Después se puso mejor: teníamos servidumbre, llegaron el teléfono, las telenovelas, la tarjeta de crédito, la Internet, ¡el e-mail! ¡Cuántas horas de paz, solaz y realización personal nos trajo la tecnología!
Hasta que vino una —a la que por lo visto no le gustaba el sostén— a contaminar a varias otras rebeldes inconsecuentes con ideas raras como esa de que “Vamos a conquistar nuestro espacio”. ¡Qué espacio ni qué nada! ¡Si ya teníamos la casa entera! Todo el barrio era nuestro, ¡el mundo estaba a nuestros pies! Teníamos el dominio completo sobre los hombres; ellos dependían de nosotras para comer, vestirse y para hacerse ver bien delante de sus amigos. Y ahora…, ¿dónde están?
¡Nuestro espacio!… Ahora ellos están confundidos, no saben qué papel desempeñar con las mujeres: huyen de nosotras como el diablo de la Cruz. Ese chistecito, esa gracia, acabó llenándonos de deberes; y, lo peor de todo, ¡acabó lanzándonos a muchas dentro del calabozo de la soltería crónica aguda!
Antiguamente los matrimonios duraban; eran para siempre.
¿Por qué —díganme—, por qué un sexo que tenía todo lo mejor, que sólo necesitaba ser frágil y dejarse ayudar en la vida, comenzó a competir con los machos? ¿A quién se le ocurrió semejante despropósito? Miren el tamaño de sus músculos y miren el tamaño de los nuestros… Estaba muy claro: ¡eso no iba a terminar bien!
No aguanto más ser obligada al ritual diario de estar flaca como una escoba (no por mí, sino porque mi trabajo me lo exige), para lo cual tengo que matarme en el gimnasio o reunir dinero para hacerme la mamoplastia, la liposucción, implantes en las nalgas…, además de morir de hambre, ponerme hidratantes, antiarrugas, padecer complejo de radiador viejo tomando agua a todas horas…; usar todas las demás armas para no caer vencida por la vejez, maquillarme impecablemente cada mañana desde la frente hasta el escote, tener el pelo impecable y no atrasarme con las canas, que son peor que la misma lepra; elegir bien la ropa, los zapatos y los accesorios, no sea que no esté presentable para esa reunión de trabajo…

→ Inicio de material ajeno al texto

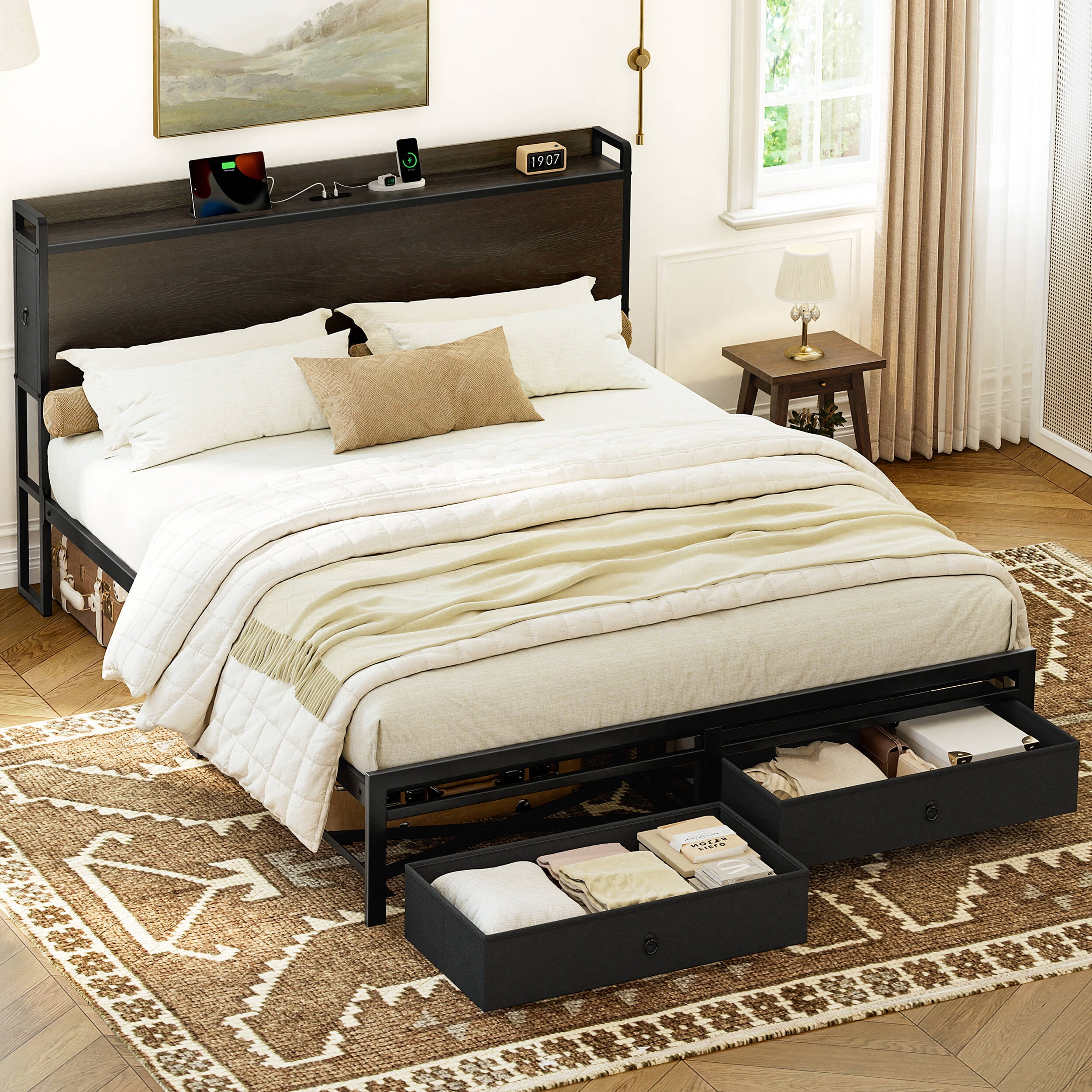 GUNAITO Queen Bed Frame with Storage Headboard Platform Bed with 2 Drawers Metal Bed with Charging Station, Dark Brown - Image 2
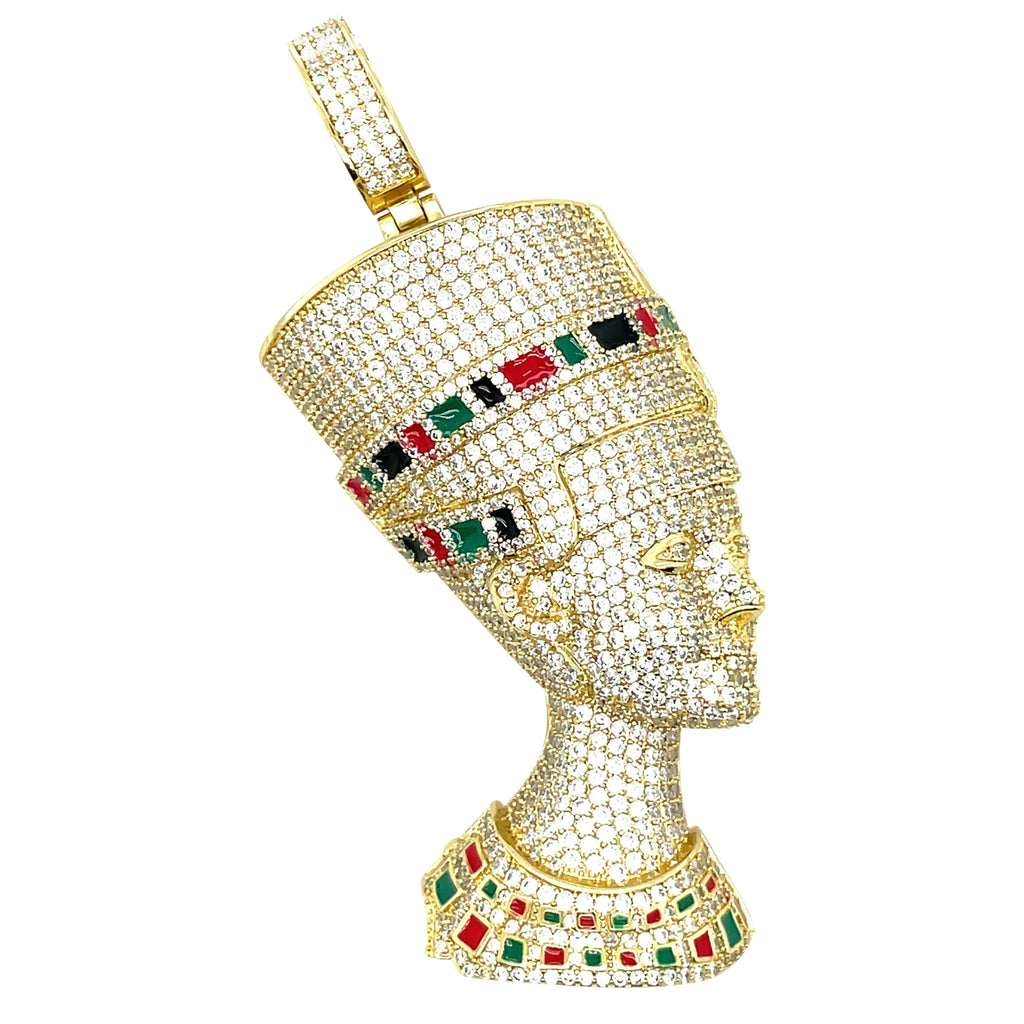 18K Gold Plated Hip Hop Cleopatra Brass Pendant
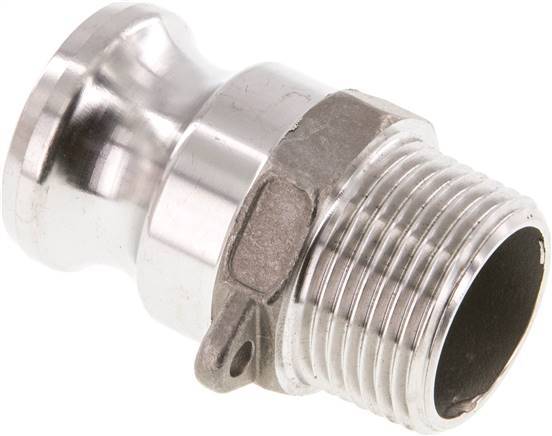 Accouplement Camlock DN 25 (1'') en acier inoxydable R 1'' à filetage mâle Type B MIL-C-27487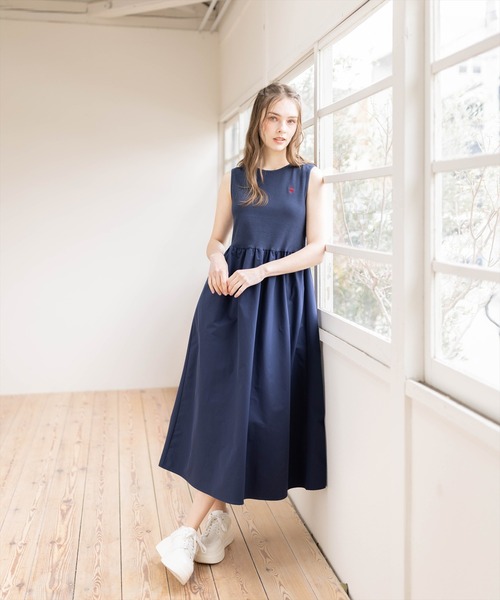U.S. POLO ASSN.（ユーエスポロアッスン）の「【U.S. POLO ASSN.】clear 別注 布帛切替ノースリーブロングワンピース（ワンピース・レディース・ブラック/ネイビー・F）」の4枚目の写真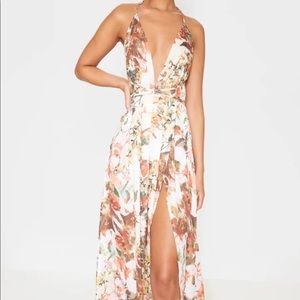 White floral chiffon halter neck maxi dress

Ver que no me falte más nada, tener que decidir qué perfume combina con mi humor o tener que salir corriendo para quedarme embotellada en el tránsito, y tener que resolver la mitad de las cosas por el celular, correr el riesgo de ser asaltada, de morir embestida por una buseta o un motorizado, instalarme todo el día frente a la computadora trabajando como una esclava (moderna, claro está), con un teléfono en el oído y resolviendo problemas uno detrás de otro, ¡que además ni siquiera son mis problemas!
Todo para salir con los ojos rojos (por el monitor, claro, porque para llorar de amor no hay tiempo).
¡Y teníamos todo resuelto!
Estamos pagando el precio de estar siempre en forma, sin estrías, depiladas, sonrientes, perfumadas, operadas, con las uñas perfectas…, sin hablar del currículum impecable, lleno de diplomas, doctorados y especialidades.
Nos volvimos “supermujeres”, pero seguimos ganando menos que ellos y, en la mayoría de los casos, ¡de todos modos nos siguen dando órdenes!
¿No era mejor, mucho mejor, seguir tejiendo en la silla mecedora?
¡¡¡Basta!!!
Quiero que alguien me abra la puerta para que pueda pasar, que corra la silla cuando me voy a sentar, que me mande flores y cartitas con poesías, que me dé serenatas en la ventana…
Si nosotras ya sabíamos que teníamos un cerebro y que lo podíamos usar, ¿para qué había que demostrárselo a ellos?
¡Ay, Dios mío!, son las 6:10 a.m., y tengo que levantarme… ¡Que fría está esta solitaria y grandísima cama! ¡Ah!… Solo quiero que un maridito llegue del trabajo, que se siente en el sofá y me diga: “Mi amor, ¿me traerías un whisky por favor?” O: “¿Qué hay de cenar?” Porque descubrí que es mucho mejor servirle una cena casera que atragantarme con un sandwich y una Coca-cola light, mientras termino el trabajo que me traje a casa.
¿Piensas que estoy ironizando o exagerando? No, mis queridas amigas, colegas, inteligentes, realizadas, liberadas… y ¡pendejas! Estoy hablando muy seriamente. ¡Estoy abdicando de mi puesto de mujer moderna!